Marine Le Pen dément toute contradiction sur l'euro

Marine Le Pen a déclaré dimanche qu'il n'y avait aucune contradiction dans sa position sur l'euro, alors que la candidate du Front national a semblé faire évoluer sa position sur une mesure impopulaire, à une semaine du second tour de la présidentielle. /Photo prise le 27 avril 2017/REUTERS/Eric Gaillard

PARIS (Reuters) - Marine Le Pen a déclaré dimanche qu'il n'y avait aucune contradiction dans sa position sur l'euro, alors que la candidate du Front national a semblé faire évoluer sa position sur une mesure impopulaire, à une semaine du second tour de la présidentielle.

"Ça fait assez longtemps que je réclame la transformation de la monnaie unique vers la monnaie commune.
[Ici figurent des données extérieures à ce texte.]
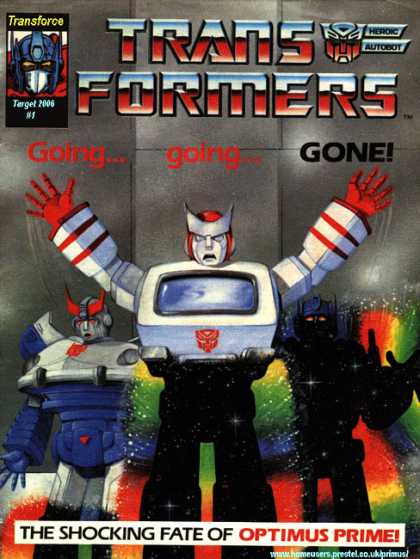 Transformers (UK) 78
Par conséquent, il n'y a là aucune contradiction", a-t-elle déclaré dimanche à BFMTV en marge d'un déplacement surprise à Gardanne (Bouches-du-Rhône), sur le thème de l'écologie.

"Oui, je pense que l'on peut parfaitement conserver l'euro monnaie commune", a-t-elle ajouté.
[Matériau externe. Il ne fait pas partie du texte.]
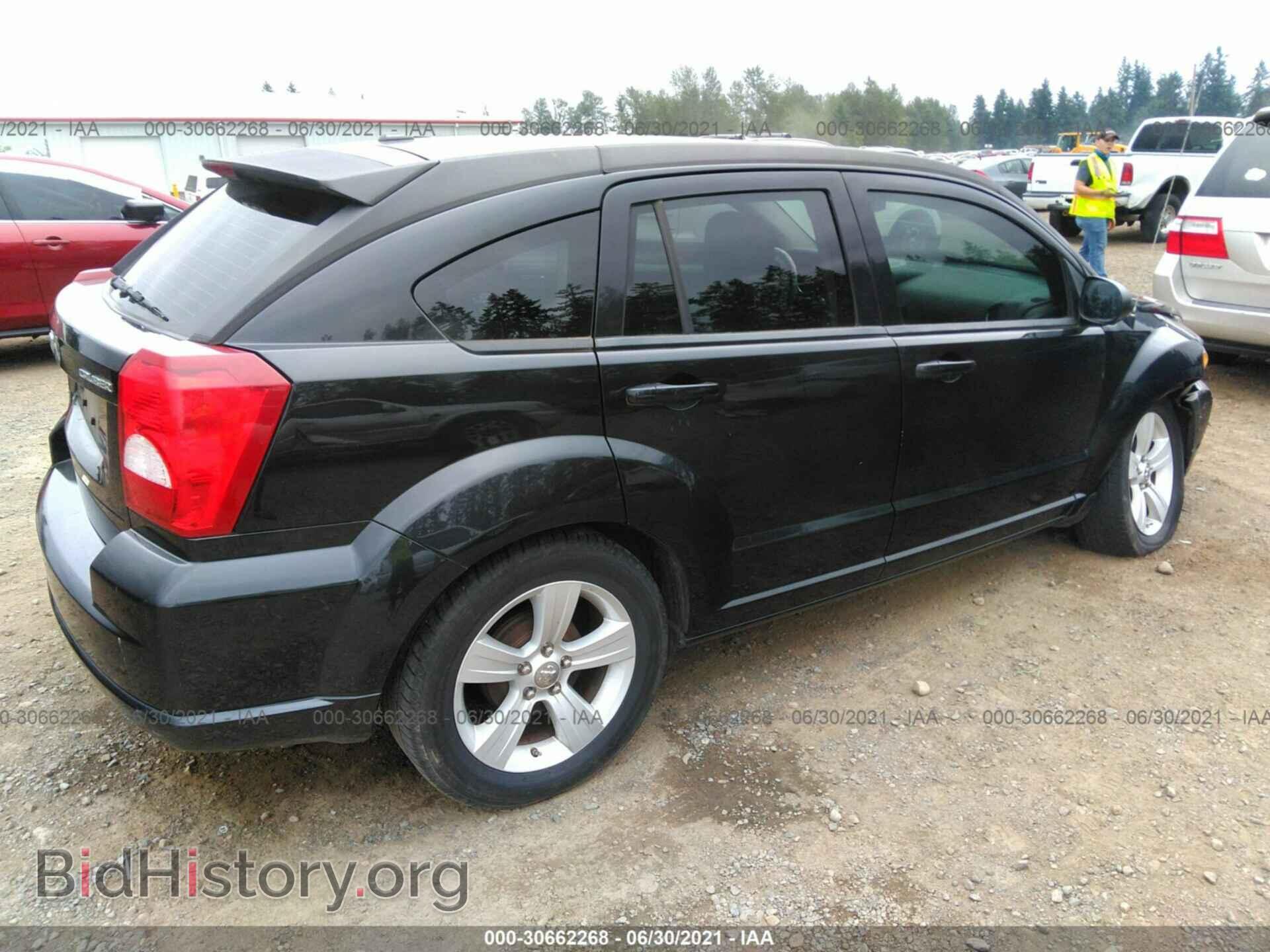 2011 DODGE CALIBER - VIN: 1B3CB3HAXBD120360 - Фото 4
La députée européenne précise dans un entretien accordé au Parisien Dimanche qu'il s'agit de "transformer l'euro monnaie unique en euro monnaie commune" car "aujourd'hui la monnaie unique est un boulet".

Il y aura donc coexistence d'une "monnaie nationale" et d'une monnaie commune qui "ne concernera pas les achats quotidiens mais uniquement les grandes entreprises qui font du commerce international".

Au cours de la campagne, Marine Le Pen avait initialement annoncé son intention d'entamer, après son éventuelle élection, des négociations longues de six mois avec les partenaires européens, préalable à un référendum sur l'avenir de la France dans l'UE, dans le but de restituer à la France "sa souveraineté législative, territoriale et monétaire".

Mais le retour à une devise franco-française ne figure nulle part dans la profession de foi de Marine Le Pen, dévoilée vendredi par la Commission nationale de contrôle de la campagne et l'accord de gouvernement scellé en fin de semaine avec le souverainiste Nicolas Dupont-Aignan précise que "la transition de la monnaie unique à la monnaie commune européenne n’est pas un préalable à toute politique économique".

Elle a par ailleurs déclaré dans un entretien à Sud-Ouest publié samedi qu'"un retour concerté à la monnaie nationale" pourrait prendre un an à un an et demi.

La députée frontiste du Vaucluse Marion Maréchal-Le Pen, invitée dimanche du Grand Rendez-vous CNews, Europe 1 et Les Echos, a également contesté toute évolution du point de vue de sa tante.

"Marine Le Pen n'a pas changé de position", a-t-elle dit, en rappelant aux Français que "rien ne se fera sans eux" et qu'ils "seront consultés sur ce grand débat de société".

Le second tour de la présidentielle, qui aura lieu le 7 mai, opposera Marine Le Pen à Emmanuel Macron, lequel a fait de ses convictions pro-européennes un argument de campagne.